John Mystikos (Greek: Ἰωάννης ὁ Μυστικός; fl. ca. 924–946) was a Byzantine official, who served as the chief minister (paradynasteuon) of the empire in the early reign of Romanos I Lekapenos. After being suspected of designs on the throne, he was deposed and sent to exile in a monastery. He eventually recovered a place at court, leading a three-year mission abroad in the 930s, and apparently regained his former high position with the rise of Constantine VII Porphyrogennetos to sole rule in 945. He is last mentioned as leading an embassy to Muhammad ibn Tughj al-Ikhshid in 946.
Nothing is known of his origin or early life. He was apparently named paradynasteuon to Emperor Romanos I Lekapenos (reigned 920–944) sometime between 922 and 924, following the fall of his predecessor, John the Rhaiktor, against whom accusations were brought before the emperor, forcing him to abandon his office and be tonsured a monk. He first appears in this capacity during the negotiations with the Bulgarian Tsar Simeon in 924: he was part of an embassy, along with Patriarch Nicholas I of Constantinople and the patrikios Michael Stypeiotes, that the Bulgarian ruler sent back to Constantinople, demanding to negotiate with Romanos in person.

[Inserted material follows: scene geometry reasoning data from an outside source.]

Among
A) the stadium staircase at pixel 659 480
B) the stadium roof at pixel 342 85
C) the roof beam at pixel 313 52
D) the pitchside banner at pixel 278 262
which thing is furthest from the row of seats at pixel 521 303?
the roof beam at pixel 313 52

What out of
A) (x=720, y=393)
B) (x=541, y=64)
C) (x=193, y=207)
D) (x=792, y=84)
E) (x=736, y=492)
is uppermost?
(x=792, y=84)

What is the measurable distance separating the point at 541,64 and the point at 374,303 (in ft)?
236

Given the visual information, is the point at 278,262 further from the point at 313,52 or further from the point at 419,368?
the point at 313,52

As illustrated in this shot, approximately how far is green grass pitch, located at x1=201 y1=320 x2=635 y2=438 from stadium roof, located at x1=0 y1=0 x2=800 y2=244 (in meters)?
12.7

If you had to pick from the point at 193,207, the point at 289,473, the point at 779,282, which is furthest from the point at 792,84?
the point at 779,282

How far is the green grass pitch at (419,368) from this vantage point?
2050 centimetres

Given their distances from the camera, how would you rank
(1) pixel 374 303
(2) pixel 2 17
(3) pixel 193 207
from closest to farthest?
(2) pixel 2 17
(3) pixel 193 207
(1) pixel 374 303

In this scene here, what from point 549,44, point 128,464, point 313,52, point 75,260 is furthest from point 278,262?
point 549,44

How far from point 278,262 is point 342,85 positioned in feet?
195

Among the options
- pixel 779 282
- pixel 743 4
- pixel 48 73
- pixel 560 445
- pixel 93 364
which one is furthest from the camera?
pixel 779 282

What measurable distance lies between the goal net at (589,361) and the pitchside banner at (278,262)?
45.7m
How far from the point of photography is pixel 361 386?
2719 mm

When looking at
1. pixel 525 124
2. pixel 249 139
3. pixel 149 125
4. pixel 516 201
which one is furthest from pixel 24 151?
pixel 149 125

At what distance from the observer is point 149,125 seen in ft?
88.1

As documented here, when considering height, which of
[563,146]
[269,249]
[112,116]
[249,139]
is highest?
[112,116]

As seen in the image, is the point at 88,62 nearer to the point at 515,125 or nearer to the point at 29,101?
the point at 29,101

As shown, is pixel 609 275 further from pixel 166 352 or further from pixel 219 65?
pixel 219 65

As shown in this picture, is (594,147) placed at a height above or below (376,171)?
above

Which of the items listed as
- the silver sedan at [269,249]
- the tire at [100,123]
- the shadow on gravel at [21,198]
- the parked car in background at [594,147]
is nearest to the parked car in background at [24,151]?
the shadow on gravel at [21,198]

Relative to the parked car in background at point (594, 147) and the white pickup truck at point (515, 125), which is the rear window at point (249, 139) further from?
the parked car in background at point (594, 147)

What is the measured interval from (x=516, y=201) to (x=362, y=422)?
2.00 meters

John was raised to the high court rank of patrikios kai anthypatos on 19 April 924 or 925, which reportedly caused envy towards him by various courtiers. According to Steven Runciman, the event was possibly connected with the rise of John to greater prominence in the affairs of state, which had hitherto been dominated by the Patriarch Nicholas, whose health was now failing. Although he was trusted and valued by Emperor Romanos I, in October 925, he was accused to the emperor of having designs on the throne, aided by his father-in-law, the logothetes tou dromou Kosmas. Romanos initially refused to believe the accusations, but his rivals managed to collect sufficient proof that John was forced to flee to the Monokastanon Monastery and become a monk along with his friend Constantine Boilas, while his father-in-law was arrested and flogged. The chamberlain Theophanes succeeded him as paradynasteuon.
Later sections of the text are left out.